• [Aim of the task] Skip the pictures and write out, word for word, the lines below from the one with "Prickly native wildflowers" through the one with "Old Navy Light Pink Waffle Thermal Top", inclusive.

• [Given data]
[Start of Attachment]

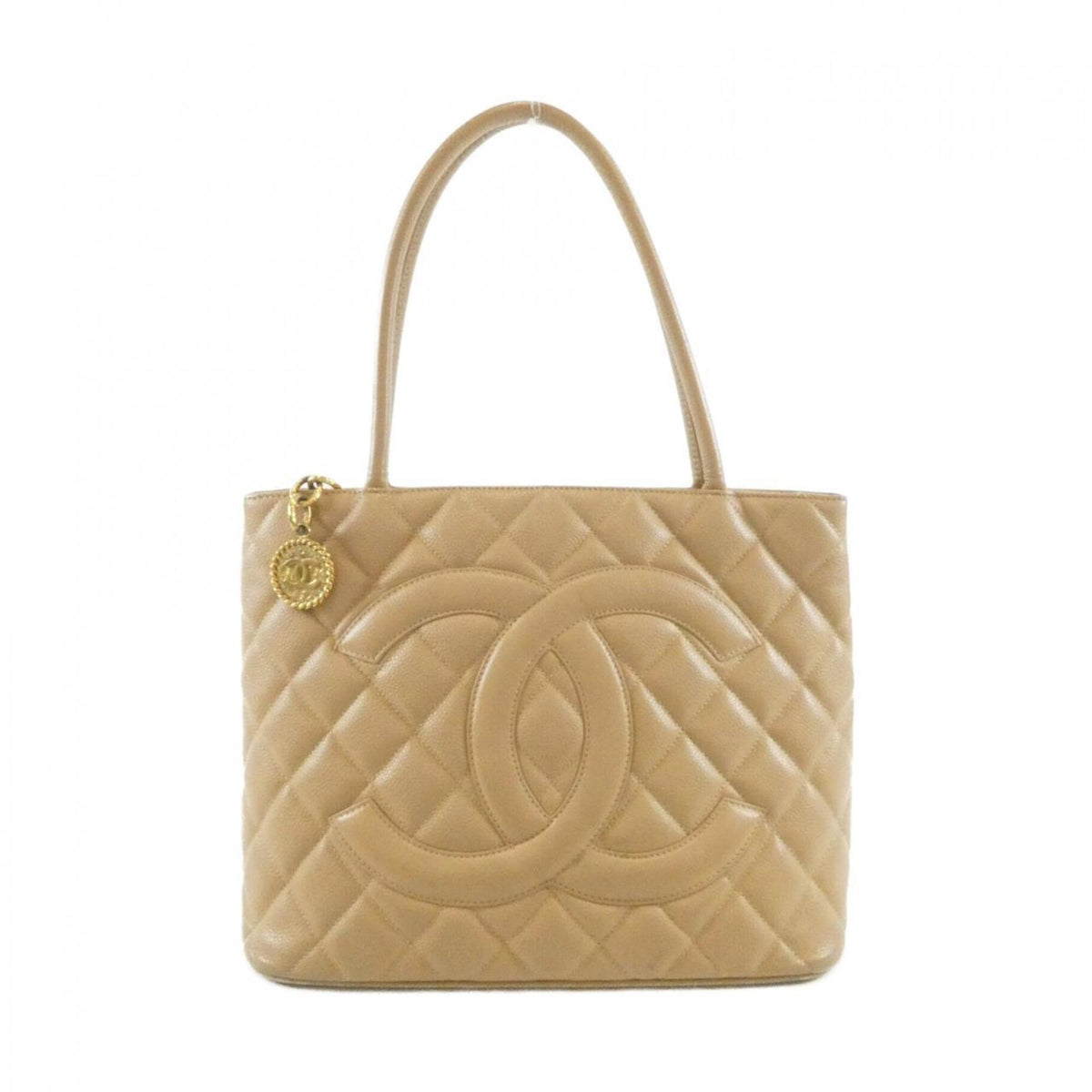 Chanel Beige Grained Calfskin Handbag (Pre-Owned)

[End of Attachment]
[Start of Attachment]

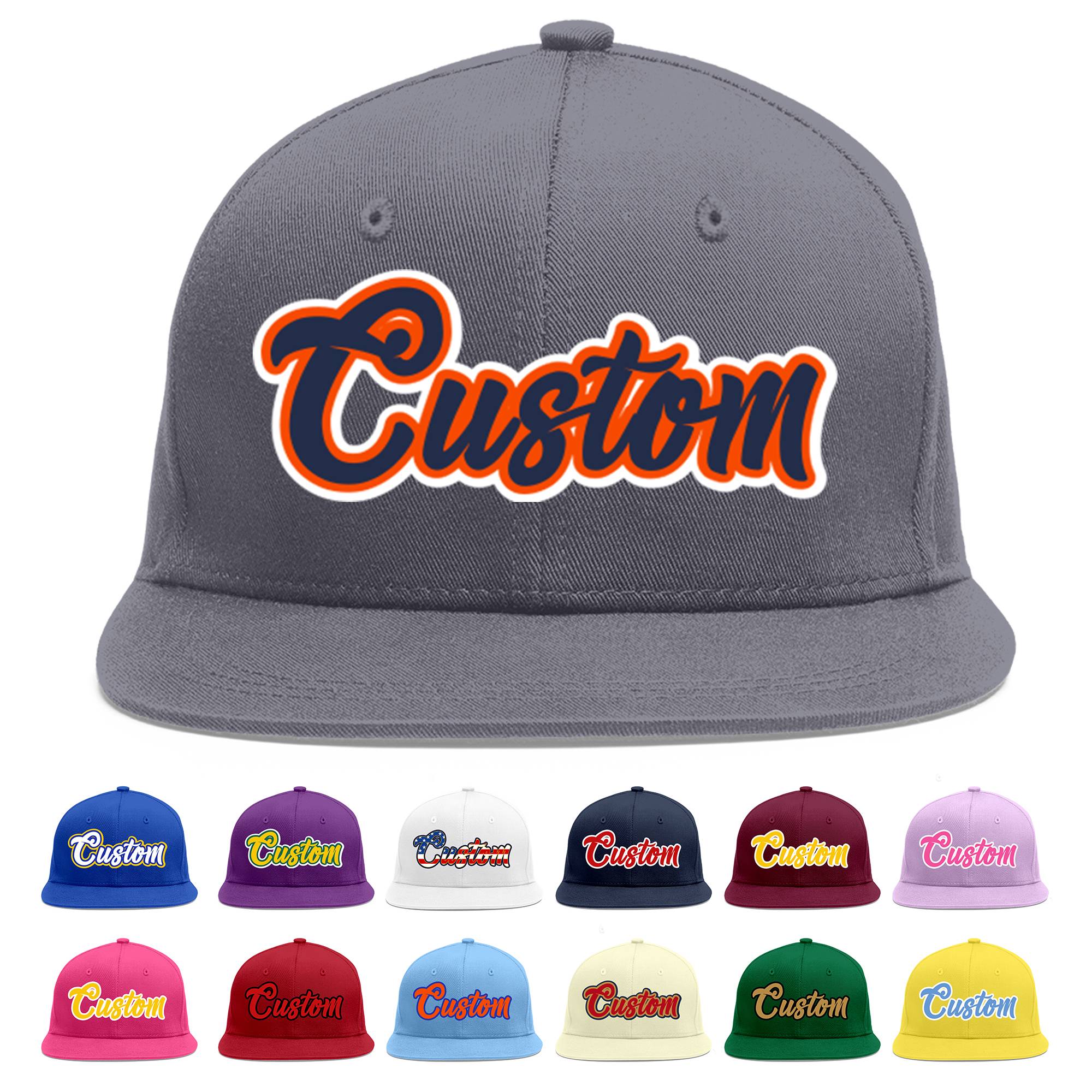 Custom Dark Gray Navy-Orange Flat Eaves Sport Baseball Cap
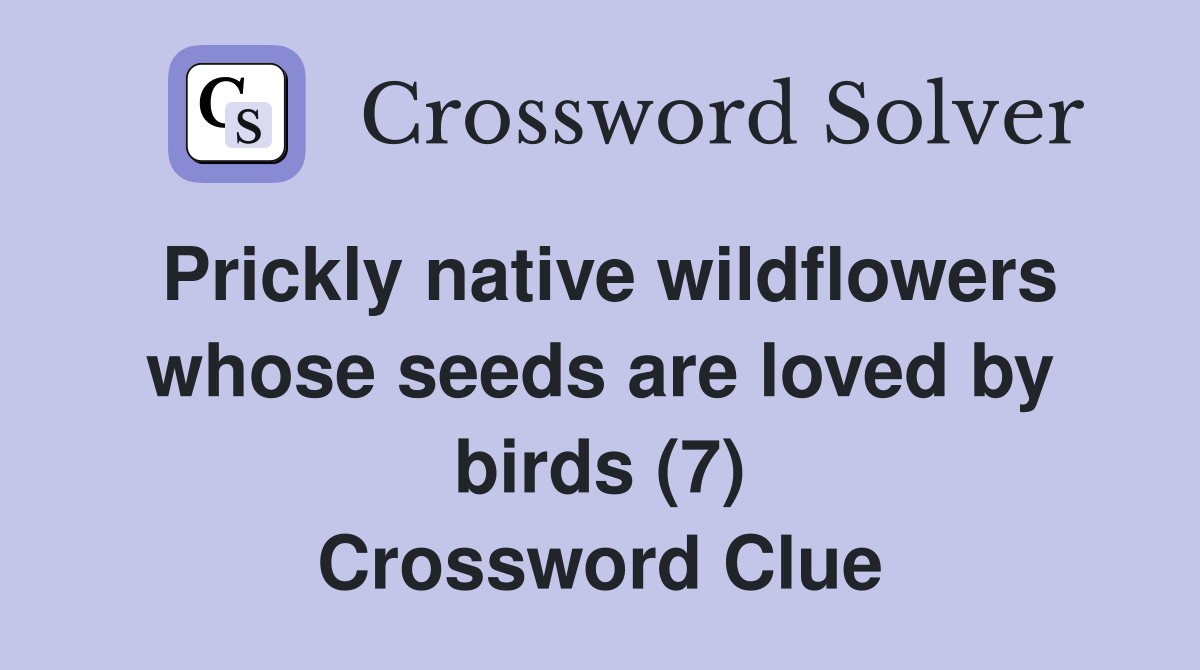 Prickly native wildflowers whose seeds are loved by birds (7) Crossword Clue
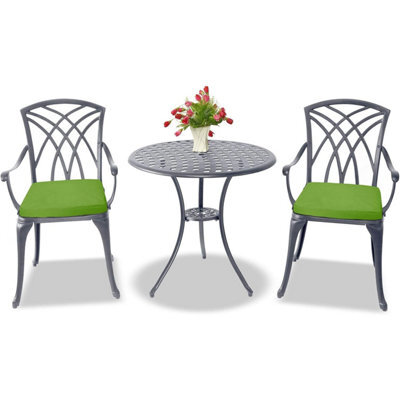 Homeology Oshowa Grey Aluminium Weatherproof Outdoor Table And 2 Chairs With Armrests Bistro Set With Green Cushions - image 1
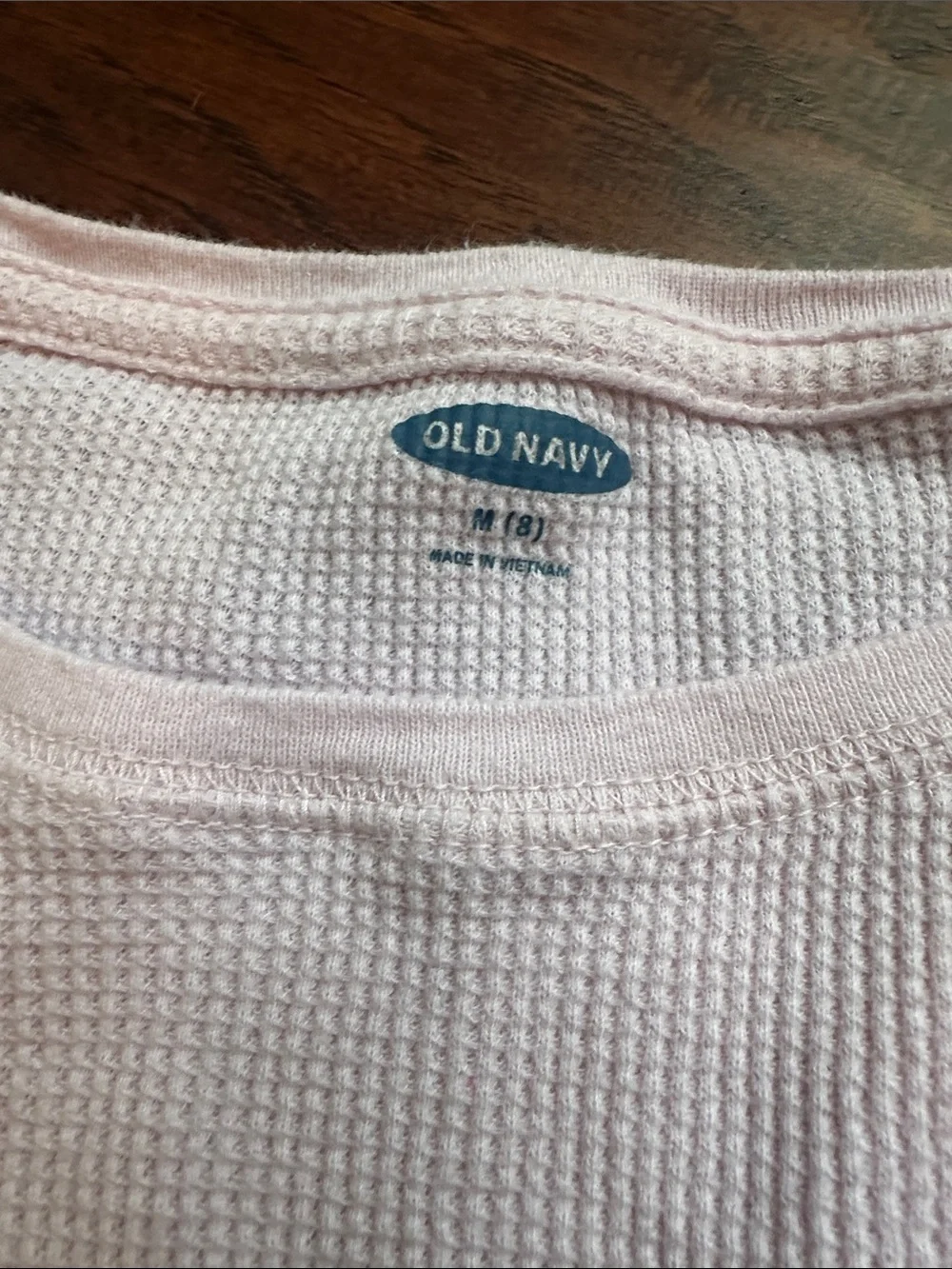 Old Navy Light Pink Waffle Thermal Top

[End of Attachment]

• [Exercise output]
 Prickly native wildflowers whose seeds are loved by birds (7) Crossword Clue
 Homeology Oshowa Grey Aluminium Weatherproof Outdoor Table And 2 Chairs With Armrests Bistro Set With Green Cushions - image 1
 Old Navy Light Pink Waffle Thermal Top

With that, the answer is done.